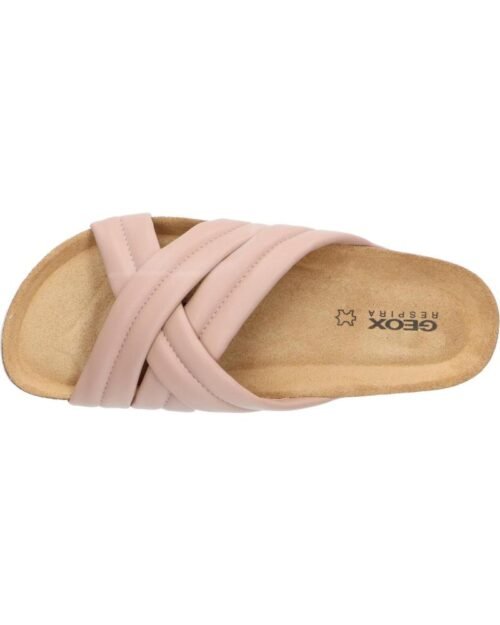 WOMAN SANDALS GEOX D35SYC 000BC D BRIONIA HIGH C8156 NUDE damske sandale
******************************
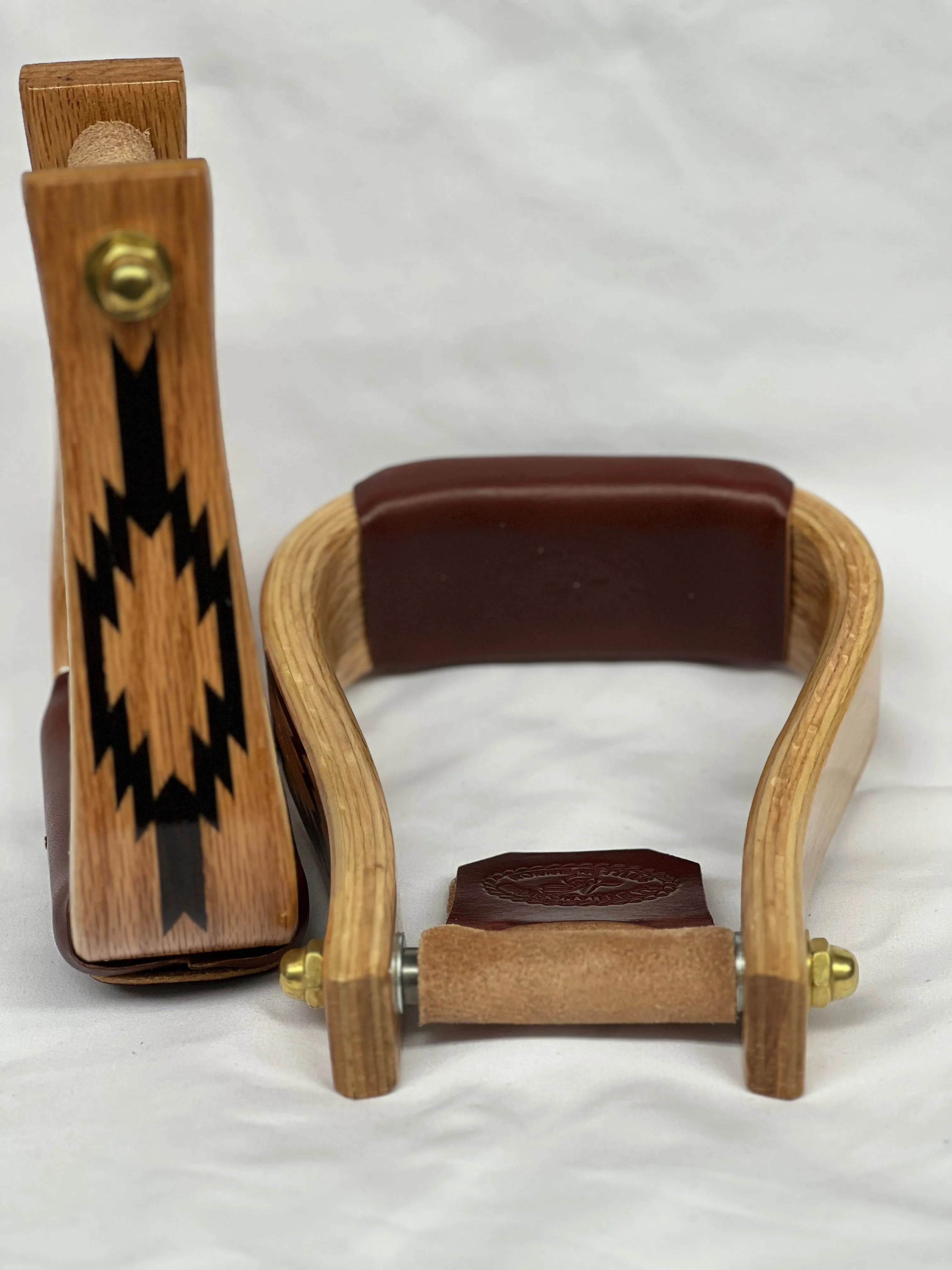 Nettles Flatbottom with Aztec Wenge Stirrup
******************************
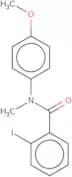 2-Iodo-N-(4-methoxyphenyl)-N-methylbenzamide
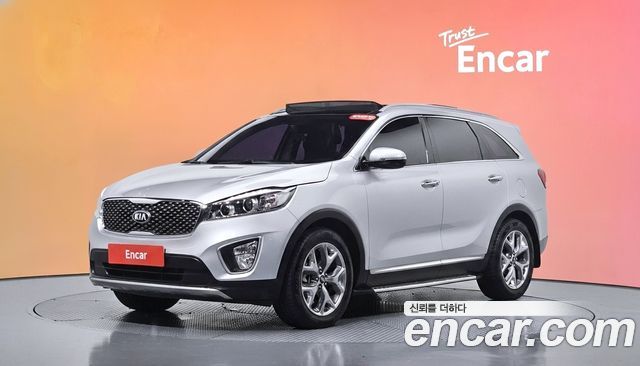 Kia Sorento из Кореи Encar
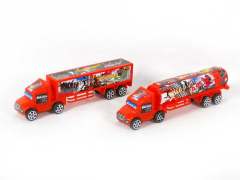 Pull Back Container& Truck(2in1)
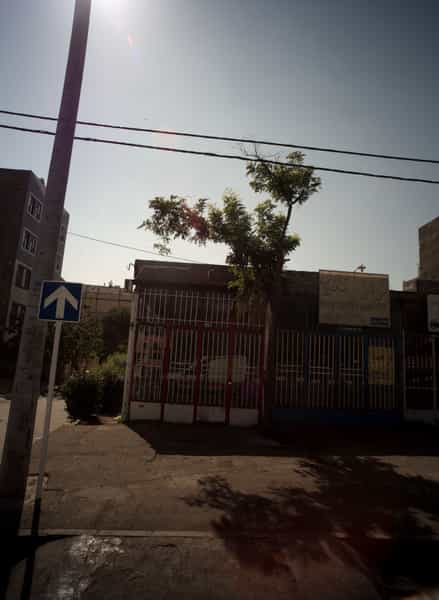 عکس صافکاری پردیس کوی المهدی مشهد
******************************
**Exercise prompt**
Take the material above and output only the lines from the one that contains "Kia Sorento из Кореи Encar" through the one that contains "عکس صافکاری پردیس کوی المهدی مشهد", ends included and images left out.

**Answer below**
 Kia Sorento из Кореи Encar
 Pull Back Container& Truck(2in1)
 عکس صافکاری پردیس کوی المهدی مشهد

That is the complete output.